US Dollar Index technical analysis: watch out for the avalanche to 101.00

The US Dollar is taking a firm step back against most currencies. Gains against the South Korean Won and the Japanese Yen are softening the blow a bit, while the risk of a further jump higher for the EUR/USD pair grows. This results in the US dollar index (DXY) breaking below 102.00, printing a new monthly low.

On the upside, the 55-day Simple Moving Average (SMA) at 102.58 is acting as resistance and could limit any recovery. Should the DXY edge up further, look for the 103.00 psychological level as the next big challenge to the upside. The 100-day SMA at 103.06 will be key to reach should the DXY want to advance even more..

On the downside, the psychological level near 102.00 has been breached and is no longer in play. Once price action starts to further move away from it, expect to see risk growing for nosedive move towards 100.82. That means a challenge to this year’s low and would imply a substantial devaluation for the Greenback to come.

How is US Dollar correlated with US stock markets?

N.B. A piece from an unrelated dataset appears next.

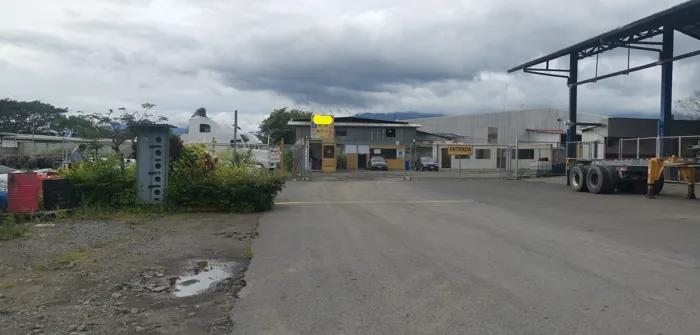 SALE INDUSTRIAL DEVELOPMENT LAND, HEREDIA, SANTA ROSA in Santa Rosa, Santo Domingo, Heredia — $2,548,665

Stock markets in the US are likely to turn bearish if the Federal Reserve goes into a tightening cycle to battle rising inflation. Higher interest rates will ramp up the cost of borrowing and weigh on business investment. In that scenario, investors are likely to refrain from taking on high-risk, high-return positions. As a result of risk aversion and tight monetary policy, the US Dollar Index (DXY) should rise while the broad S&P 500 Index declines, revealing an inverse correlation,

During times of monetary loosening via lower interest rates and quantitative easing to ramp up economic activity, investors are likely to bet on assets that are expected to deliver higher returns, such as shares of technology companies. The Nasdaq Composite is a technology-heavy index and it is expected to outperform other major equity indexes in such a period. On the other hand, the US Dollar Index should turn bearish due to the rising supply money and the weakening safe-haven demand.